David Ayer may have been a player in this genre for 20+ years, but he only has nine feature directing credits under his belt. Statham, on the other hand, has acted in over 45 live-action features, the vast majority of which are action films. When you compare the sheer amount of hours the two have spent on sets making movies, Statham blows Ayer out of the water. All of that experience has given the actor a tremendous understanding of the nuts and bolts of how to make an action scene work as effectively as possible. As Ayer explained:
“The great thing with Jason is, he can come in, look at where your camera is, look at the light, understand the choreo[graphy], and go, ‘No, you need to move the camera two feet to the left.’ [Imitates moving the camera] ‘OK, throw the punch now? Oh, dang, that worked. Wow!’ So it’s helpful, in a way, because he’s laser-focused on getting it right.”
This type of thing isn’t limited to the action genre, either. “Eileen” director William Oldroyd recently shared a similar story with me about working with Anne Hathaway, who knew exactly how to pitch her performance in that film even when Oldroyd thought it might be slightly off.
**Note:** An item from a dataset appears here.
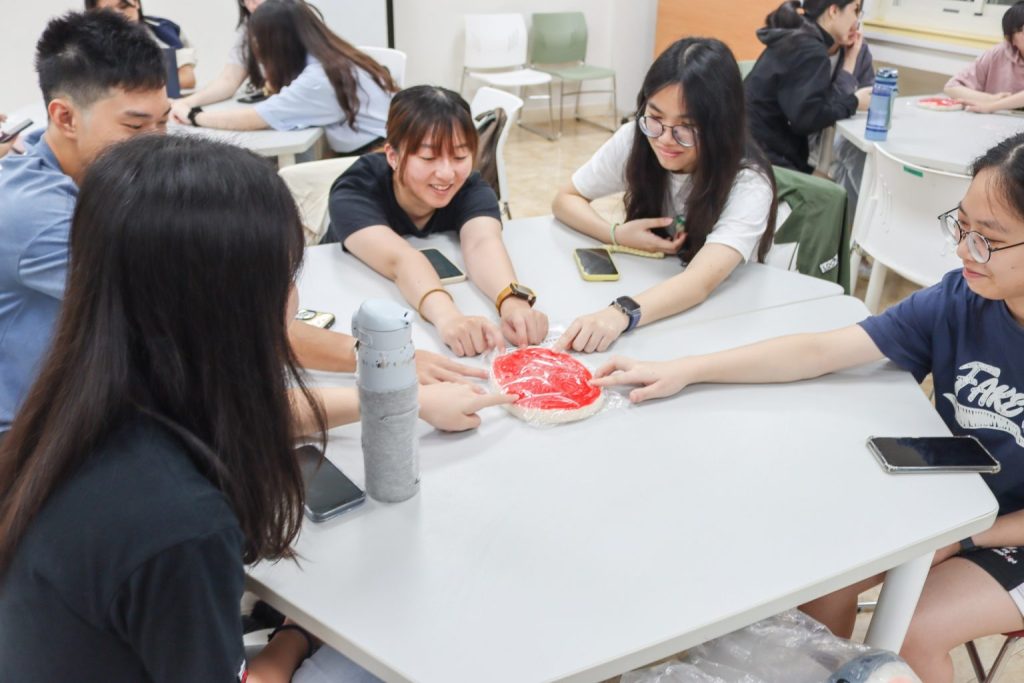 Students point together at the red Xin Ding Ban in the center of the table.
But when he checked the playback, he discovered she was correct — and it was all due to that extraordinary amount of experience she’s had in front of a camera. In a world where the director is often held up as the visionary who makes every decision and controls every aspect of the frame (and I’m as guilty of that type of framing as anyone), these realizations from these directors underline just how crucial trust and collaboration can be on a film set. By listening to their actors instead of merely imposing their will, these filmmakers ended up with better movies — and learned some valuable lessons in the process.